DeviceLock®

Technical questions (PDF format)

Webinar (flash)

Q: What is DeviceLock®?

A: DeviceLock is a policy-based endpoint data leak prevention (DLP) security solution that enables network administrators to centrally control uploading and downloading activity through local computer devices and network protocols and applications. With DeviceLock you can lock out unauthorized users from USB and FireWire devices, WiFi and Bluetooth adapters, CD-Rom and floppy drives, infrared, serial and parallel ports, local and network printers, PDAs, smartphones and many other plug-and-play devices. Also, DeviceLock contains port-independent network protocol and application detection and filtering, message and session reconstruction with file, data, and parameter extraction, as well as event logging and data shadowing.

Q: Why is there such interest in securing PC devices and ports now?

A: First sensitive data and applications continue to migrate to Windows networks; there is simply more digital data out there, and it is not locked up in a secure mainframe computer room. Next, corporations and government agencies are becoming more aware of the high value of the information stored in their databases. A survey by ASIS International, PricewaterhouseCoopers and U.S. Chamber of Commerce found that 40% of the companies polled experienced incidents of known or suspected proprietary information theft. R&D and financial departments suffered the greatest dollar value of loss per incident; however, customer data and strategic plans were taken more frequently. This survey found that insiders - current and former employees - were suspects about 80% of the time.

Q: Are portable storage devices that connect through the USB or FireWire port any more of a threat than more conventional floppy, CD and zip drive media?

A: Newer USB-attached devices often feature high-speed transfer and high-capacity storage. They’ve made it easier to copy and transport very large volumes of data in a short time when compared to floppy and CD media. They also take many shapes; flash memory drives have become extremely popular, as have cell phones, cameras and PDAs that can serve as storage devices.

The USB Flash Drives are particularly inexpensive, easy-to-use and easy-to-lose. A well-meaning employee may believe he is out just $30 when he realizes that he’s left his USB flash drive behind at the coffee shop across from the office; however, the loss to his company will be a great deal more if the IP contained on the stick should fall into the wrong hands. One now famous illustration of how valuable IP can be misplaced on these devices is the case where a former employee of a major financial institution sold his wireless handheld device on Ebay. To the buyer’s surprise the handheld’s memory stored the ex-employers customer list.

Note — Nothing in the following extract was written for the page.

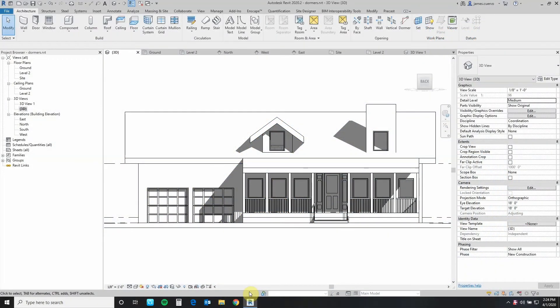Hi everyone, welcome back to our blog. My name is Jim Cuervo and I am your Senior Revit Instructor here at Digital Drafting Systems. Today's topic is creating a dormer on a pitched roof.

Employee missteps related to portable music players can cost an enterprise more than the loss or theft of valuable information. Music or other IP sharing that takes place on the corporate network leaves the company exposed to copyright infringement litigation. And an information thief that uses an Apple iPod player doesn’t even have to be very clever. There is new commercial software that promotes using the iPod as a backup device. For example, Migo Personal for iPod from PowerHouse Technologies Group sucks up Outlook e-mail, calendar and contacts; Internet Explorer favorites and browsing history; as well as data files, presentations and the like on the iPod's hard drive with a few clicks.

Q: Isn't this a problem best handled through policy changes and employee education?

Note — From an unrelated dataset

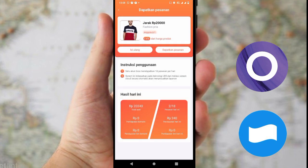Kita sudah mengerjakan dua tugas, sisa 16 pesanan lagi. Kalian klik lagi 'Dapatkan Pesanan' sampai 18 kali pesanan per hari. Itu untuk cara step pertama untuk mengerjakan misi atau mendapatkan saldo di aplikasi ini.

A: Ultimately, any portable storage device policy will need to be backed up with compliance or monitoring tools. A new policy ultimately calls attention to the value and sensitivity of information and the vulnerabilities of a business and therefore requires enforcement. When you institute a policy aimed at controlling portable storage use, installing DeviceLock® is a way to complete the communication. If you wanted to warn pedestrians to avoid a dangerous construction zone, would it suffice to put up a sign, or would you recommend a fence as well?

Q: Will a personal firewall installed on PCs protect the network from intrusion via local device endpoints like open USB drives?

A: A personal firewall will not protect your network from a threat that walks up to your computer and attacks locally - only when it attacks across the network.

Q: Doesn’t Windows provide a means to control access to ports?

A: Standard operating system tools such as Windows 2000 Group Policy do not enable monitoring or blocking of individual ports, such as USB and FireWire ports. Likewise there are no built-in permissions controls over access to WiFi and Bluetooth adapters.

Windows XP system administrators who have installed Service Pack 2 can configure a registry key to make USB storage devices read-only. But, editing the registry of each PC is laborious and impractical for big networks. Also making changes to the registry always poses some risk. DeviceLock® customers are looking for more functionality and flexibility. They want to

• Control which users or groups can access devices

• Control access to devices depending on the time of day and day of the week

• "White list" certain USB devices while blocking access to others of the same type

• Control all functions remotely from the system administrators console

• Install and uninstall permissions settings automatically

Some good news for those customers who want to manage everything from within the Windows Group Policy interface: this is now possible with DeviceLock® which comes configured for integration into Windows Active Directory. There is a snap-in option for the Microsoft Management Console (MMC) as well. This can eliminate the need to deal with a separate interface and the need to load another management console on their servers.